Footnote 1: French Minister of Marine Lucien Lacaze.

Footnote 2: The Chief of French Naval Staff was Vice Adm. Ferdinand de Bon.

Footnote 3: French Naval Attaché Adm. Maurice-Henri Baron Mercier de Lostende.

Footnote 4: Capt. Fitzmaurice M. Acton.

Footnote 5: Adm. Sir John R. Jellicoe.

Footnote 6: Fastnet, a small islet in the Atlantic Ocean, is the southernmost point in Ireland. It lies 4 miles southwest of Cape Clear Island and 8 miles from County Cork on the Irish mainland.

Footnote 7: On 4 May, Sims wrote his wife that the group had reached “the exact conclusion for which I have been contending and which I have been recommending to Washington.” Sims to Anne Hitchcock Sims, 4 May 1917, DLC-MSS, Sims Papers.
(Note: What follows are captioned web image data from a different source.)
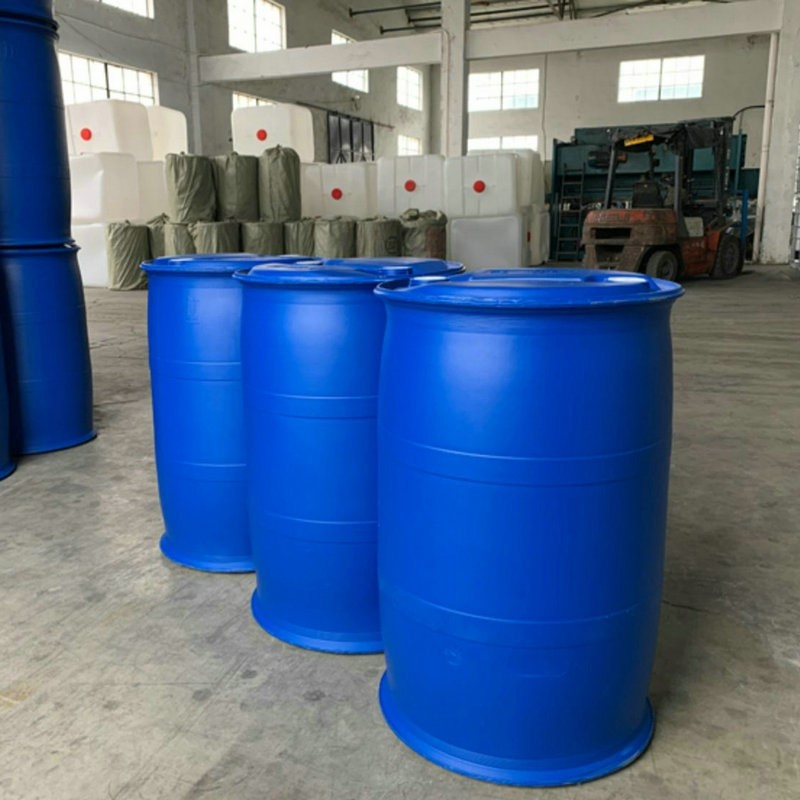 蓝色200L双环闭口包装桶200升化工塑料桶双开口化工塑胶桶油桶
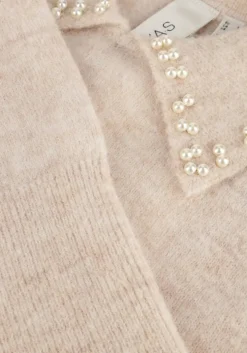 beige y.a.s. trui yasneris ls knit pullover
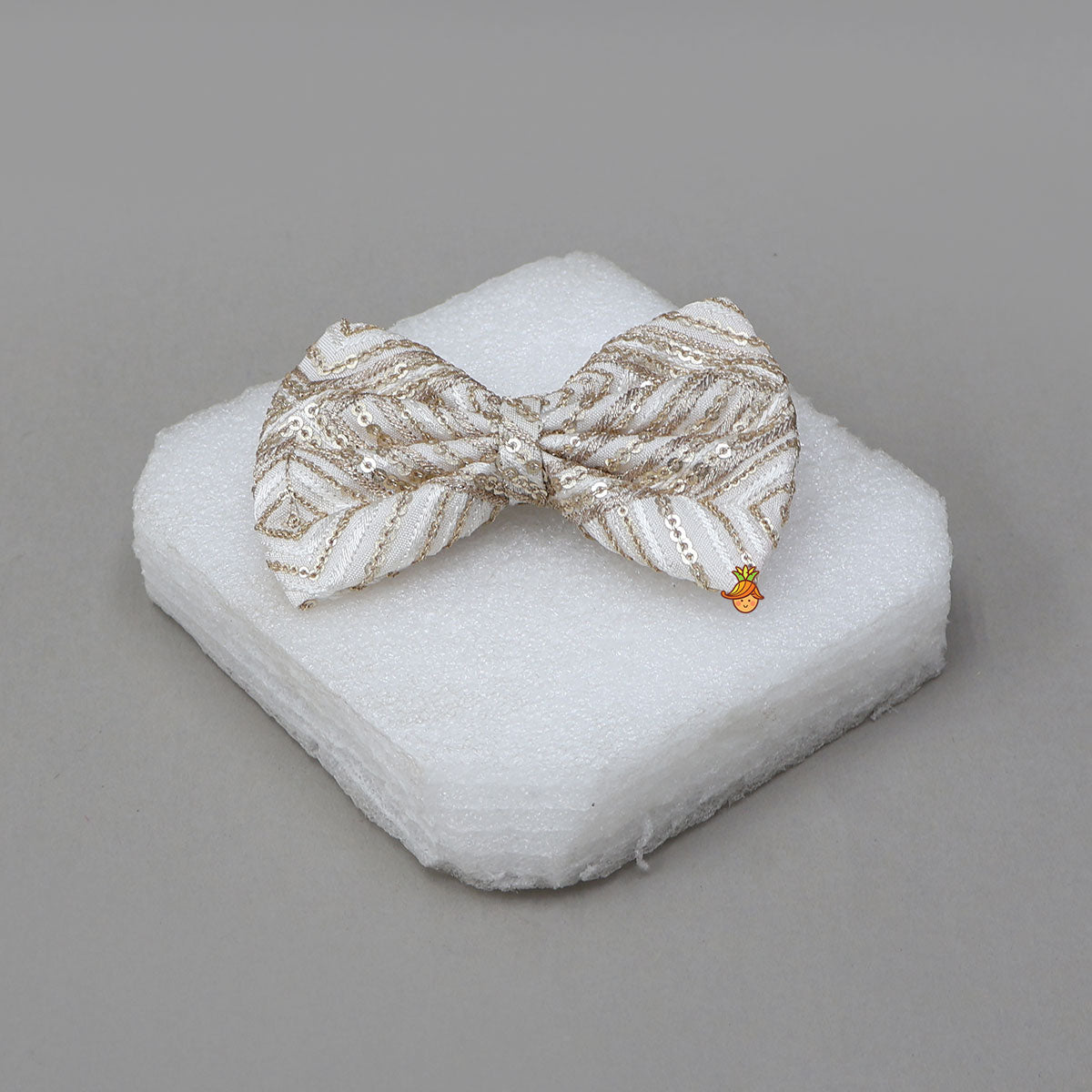 Sequined Bow Hair Clip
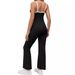 Women's Clothing Belly Lifting White Edge Contrasting Sling Pregnant Women Jumpsuit Tight Hot Girl Yoga Exercise All In One_ecoleips.com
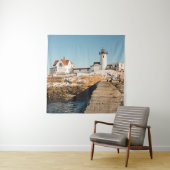 Dog Bar Lighthouse along the ocean coastline of th タペストリー (インサイチュ)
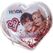 HEYDA 20-48 884 03 Spezifisches Weihnachtsornament Acryl Transparent, Weiß 10 Stück(e)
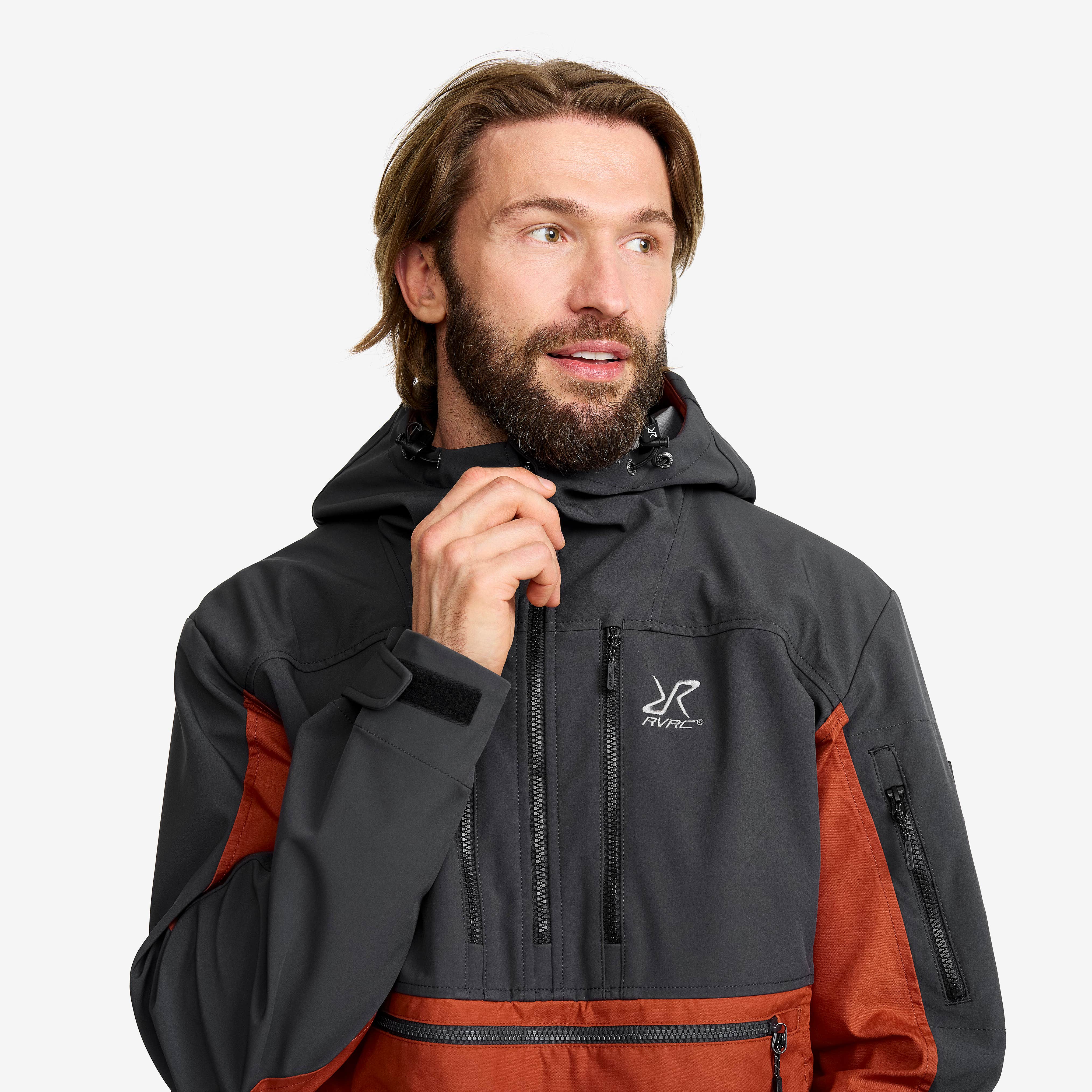 Outdoor Anorak Herre Rusty Orange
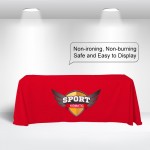 8' Table Cover w/ Open Back in Full Color Overall with Logo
In congressional hearings in 1920, Sims used this cablegram to argue that French naval authorities were “in complete agreement as to the necessity of concentrating our effort in one area,” the coast of Ireland. Sims said he was surprised when he learned “later in the month” that the Navy Department had ignored his advice and would send “patrol vessels” to operate on the French coast. Sims was also angered because he was not given any details concerning this deployment despite repeatedly asking for it. Naval Investigation: 122-23. However when wrote his wife on 4 May he mentioned that he had learned that “50 patrol boats” were soon to be sent to France and that he was to command them. He did not complain in this letter but only reveled in the fact that he was to command “all anti-submarine craft in European waters,” adding “Clearly, this is the most important and responsible American naval command so far in the war.” Sims to Anne Hitchcock Sims, 4 May 1917, DLC-MSS, William S. Sims Papers.  Moreover, in a cable of 2 May, Adm. Dudley R. S. De Chair reported that the French delegation, then in the United States, was “much disgruntled” by the “concessions” made to the British concerning the destroyers. De Chair to British Admiralty, 2 May 1917, UK-KeNA, Adm. 137/655. Finally, Secretary of the Navy Josephus Daniels noted in an entry of his diary on 7 May that he was visited by Adm. William S. Benson, Chief of Naval Operations, and RAdm. Leigh C. Palmer, head of the Bureau of Navigation, who urged Daniels “to send an Admiral to France as well as England.” Daniels however decided “After cablegram from Sims it was clear that there ought to be only one command abroad.” DLC-MSS, Josephus Daniels Papers, Diary, Roll 1.